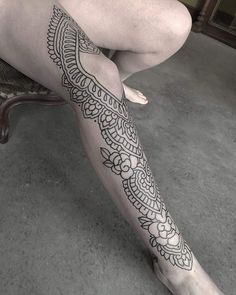 a woman sitting on top of a chair with her legs covered in hendi tattoos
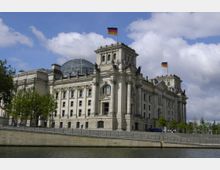 Das Bild zeigt das Reichstagsgebäude in Berlin, ein historisches Parlamentsgebäude mit prächtigen Fassaden, hoher Kuppel aus Glas und Stahl sowie gehissten deutschen Flaggen auf den Türmen. Im Vordergrund ist ein Fluss und eine Uferpromenade zu sehen.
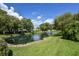 Community pond with fountain and lush greenery at 1226 Charter Oaks Cir, Daytona Beach, FL 32117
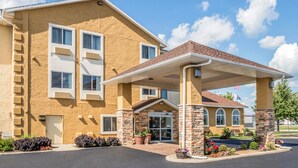 A hotel with a covered entrance, a flag, and a landscaped area with plants. - Comfort Inn Ottawa Starved Rock Area (Ottawa)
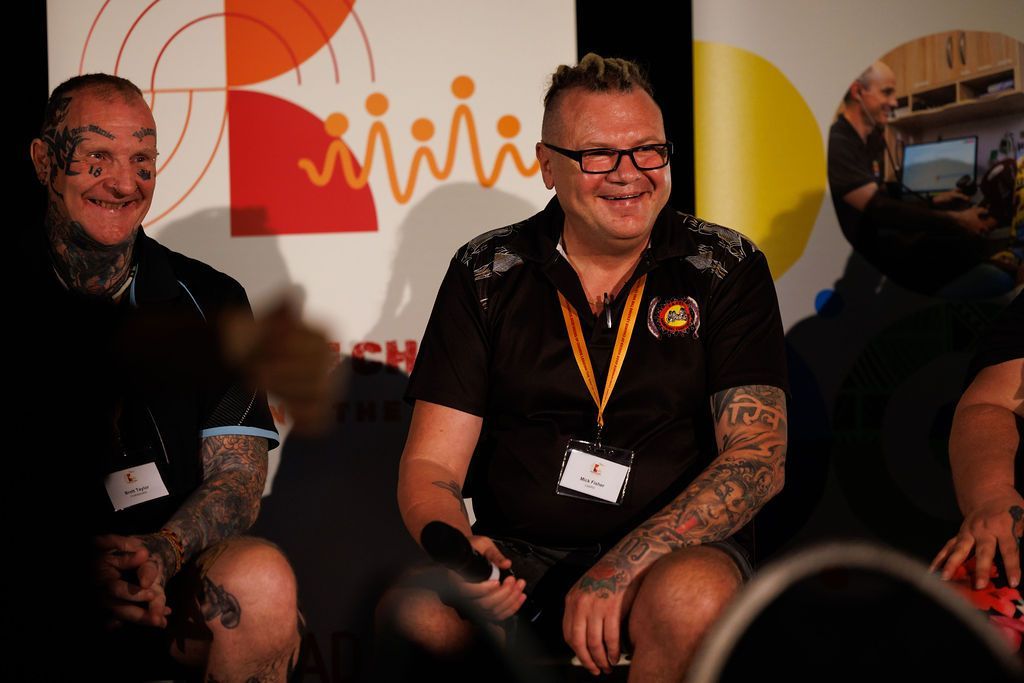 Two individuals with tattoos sit on a stage during an event, smiling while participating in a panel discussion.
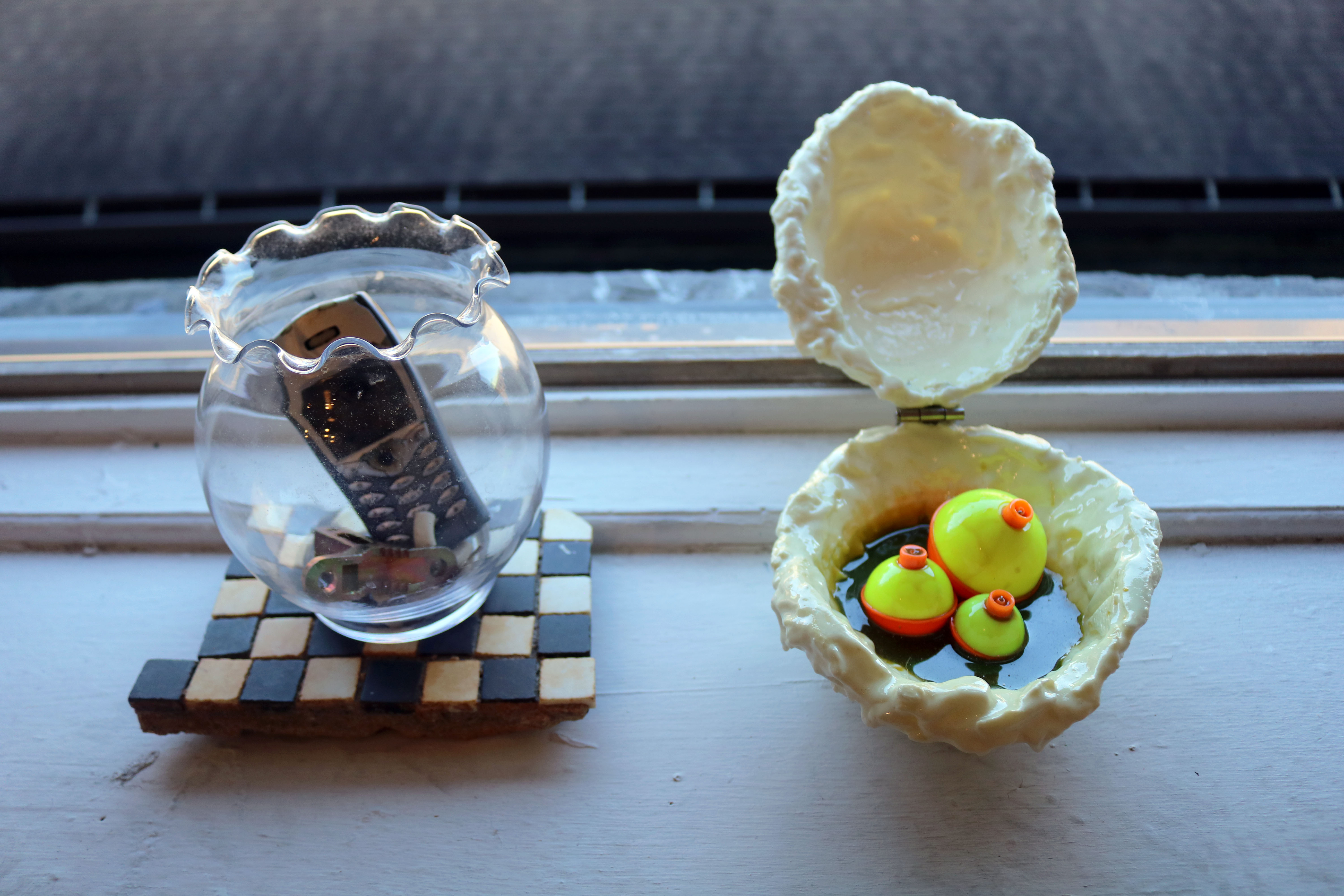 Left: fishbowl. Right: resin, buoys, metal hinge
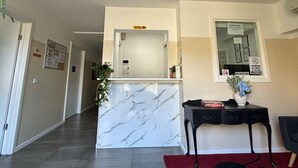 A reception area with a marble counter, a reception desk, a red vase with flowers, and a red and black patterned rug.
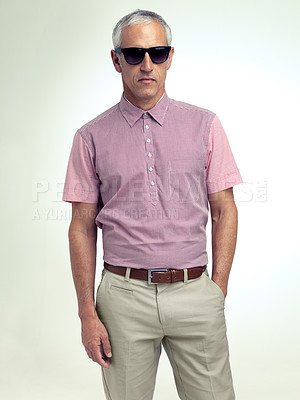 Buy stock photo Confident, businessman or serious in fashion, business or stylish as outfit, apparel or eyewear. Mature man, hand in pocket or sunglasses as smart, casual or clothing in studio on white background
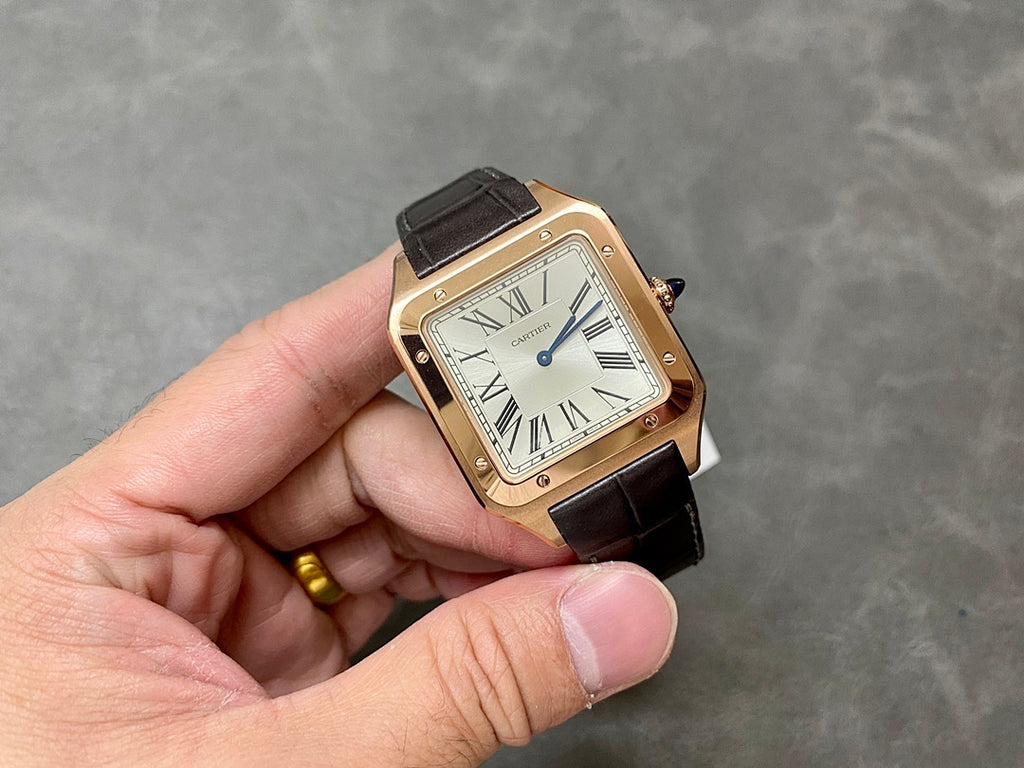 Cartier Santos watch angled front view with rose-gold case, black leather strap.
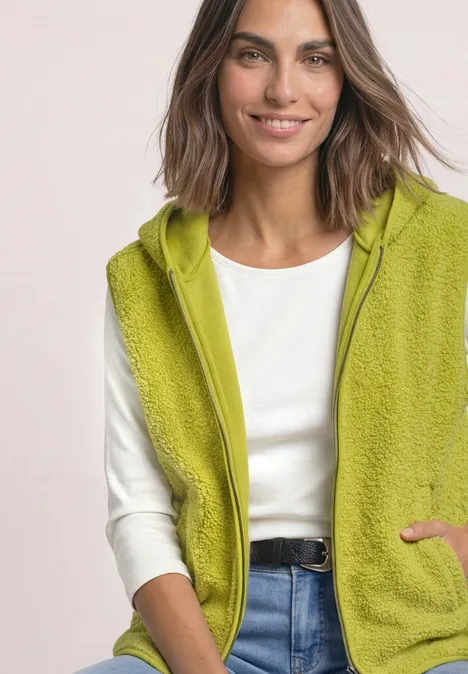 Gilet en peluche à capuche et fermeture zip apple lime Frau mit grüner Fleece-Weste mit Kapuze, weißem Shirt und blauer Jeans lächelt leicht.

** Prompt **
Only the lines from the beginning of the records up to and including the line with "Das Bild zeigt" should appear, exactly as they are, and no pictures.

** Worked solution **
 a woman sitting on top of a chair with her legs covered in hendi tattoos
 Das Bild zeigt das Reichstagsgebäude in Berlin, ein historisches Parlamentsgebäude mit prächtigen Fassaden, hoher Kuppel aus Glas und Stahl sowie gehissten deutschen Flaggen auf den Türmen. Im Vordergrund ist ein Fluss und eine Uferpromenade zu sehen.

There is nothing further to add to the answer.